Each of these bets shares a common trait. None pays back quickly. Chip factories take years to build and longer to run at a profit. Turning around an airline means absorbing losses while new planes arrive and old habits change. Building a presence in electric vehicles and batteries demands heavy spending well before the sales catch up. Tata is, in effect, planting trees whose fruit will not arrive for a decade or more.

The cash behind the dream

What makes the spree possible is one extraordinary business. Tata Consultancy Services, the group's giant software arm, throws off enormous and reliable profits that help bankroll the rest. So long as that engine keeps humming, Tata can afford to lose money for years on its newer projects. The danger is obvious. A group that leans this heavily on a single cash cow is exposed if that one business ever falters.

Where it has stumbled

Not every gamble has gone to plan. Tata Neu, an ambitious app meant to bundle the group's many services into a single digital marketplace, has yet to win the loyalty its backers hoped for. The Air India turnaround has proved slower and bumpier than promised, with passengers quick to complain. Even the headline projects in chips and electronics face fierce global competition and the constant risk that costs run ahead of revenue.

A national project

It would be wrong to read all this purely as business.

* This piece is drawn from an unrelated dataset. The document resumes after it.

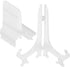 12 Pieces Picture Easel Stand, Clear plate Stand, 7 Inch Card Display Stand, Display Holder for Picture Photos Decoration...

Tata's bets line up closely with the Indian government's drive to make more at home, from semiconductors to defence to clean energy. By taking on industries the country wants to build, the group casts itself as a partner in a national project rather than a company simply chasing returns. That brings goodwill and support, and it also brings pressure to keep spending on ventures that might never have made sense on profit alone.

The verdict to come

For now the scoreboard is mixed. The vision is bold, the balance sheet can bear it, and a few of the bets could one day reshape whole industries inside India. Yet bold visions have a way of devouring cash, and shareholders will not wait forever to see a return. Chandrasekaran is asking for patience on a grand scale. Whether Tata's wager on India's future proves wise or merely expensive is a question that only the next several years can answer.